[Start of section]
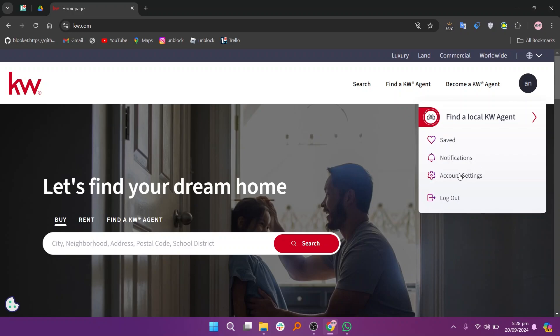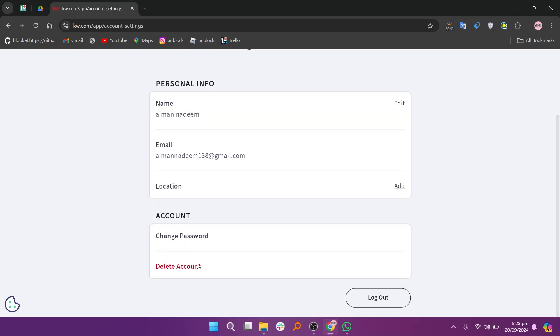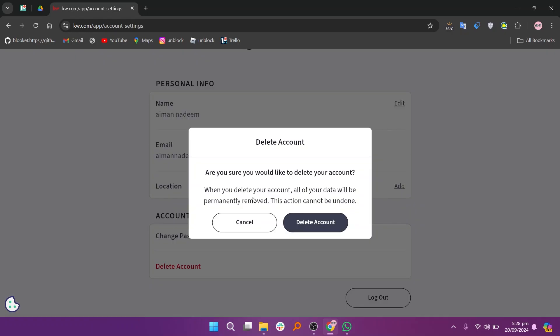Next, click on account settings from the drop down menu. In the settings, you will find the option to delete account. Now click on it and then confirm by clicking delete account again to finalize the process.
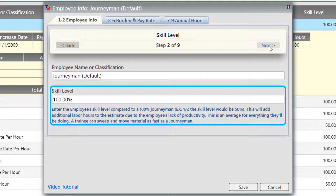The skill level is designed to add additional labor to each estimate based upon the crew you have selected for the particular project. If you have one journeyman and one trainee at 50%, that trainee is going to be doing half of the job, but everything they're doing is taking twice as long. In the estimate, in the bid price tabs, you'll see a section where it's adding the additional hours the job will take to complete based upon the employees' skill level.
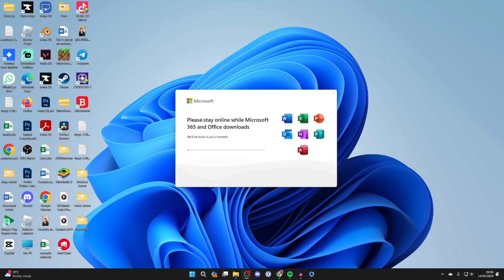Then all you need to do is double click on it and run it. You'll get this pop up here and all you need to do is wait for it to download.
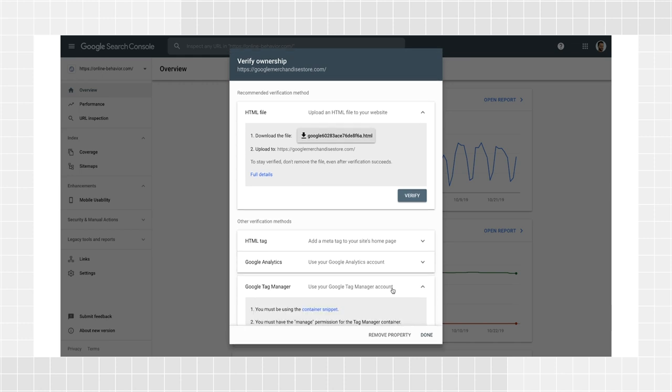If you have the necessary permission, your verification should work immediately after clicking it. If you perform the steps above correctly, verification should work immediately.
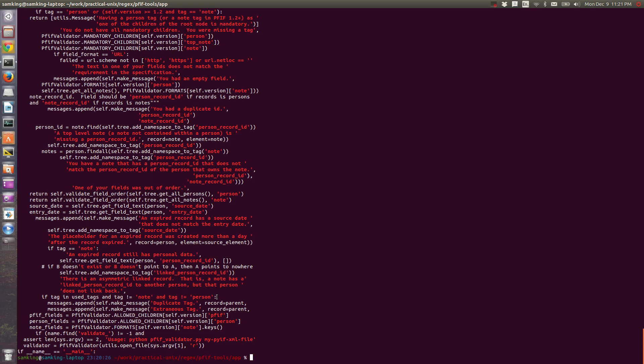With grep, this doesn't matter a ton because a line either matches or it doesn't. But if you're either outputting only the match or if you're extracting the match in a programming language, this could come back to bite you.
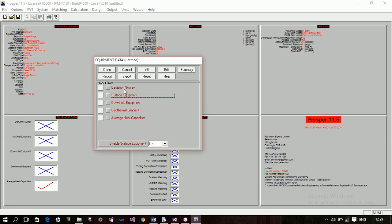Now, if you look at this, we have the deviation survey. That is to show if your well is horizontal, vertical, or deviated. So, you have to specify those data here. Anyway, when we'll be doing a simulation, you'll actually see what is there.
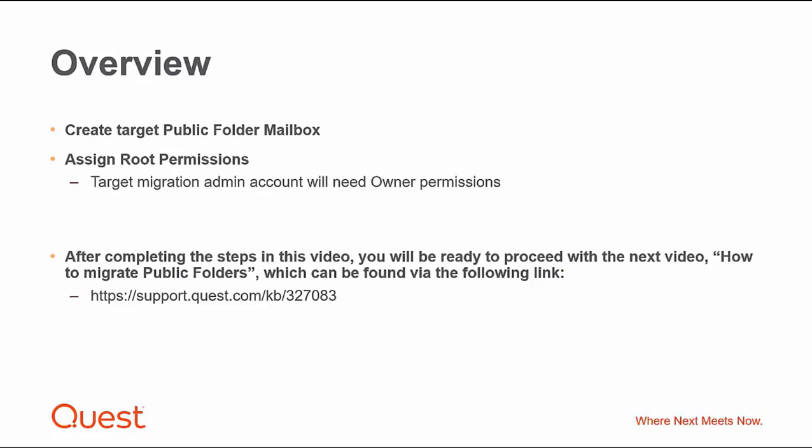After completing the steps in this video, you will be ready to proceed with the next video, How to Migrate Public Folders, which can be found at the following link.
[End of section]
* _TO DO_: Everything from the line above that contains "If you have the" down to the line that contains "With grep, this" must be reproduced exactly, both ends included. Omit the pictures.

* _TASK RESULT_:
If you have the necessary permission, your verification should work immediately after clicking it. If you perform the steps above correctly, verification should work immediately.
With grep, this doesn't matter a ton because a line either matches or it doesn't. But if you're either outputting only the match or if you're extracting the match in a programming language, this could come back to bite you.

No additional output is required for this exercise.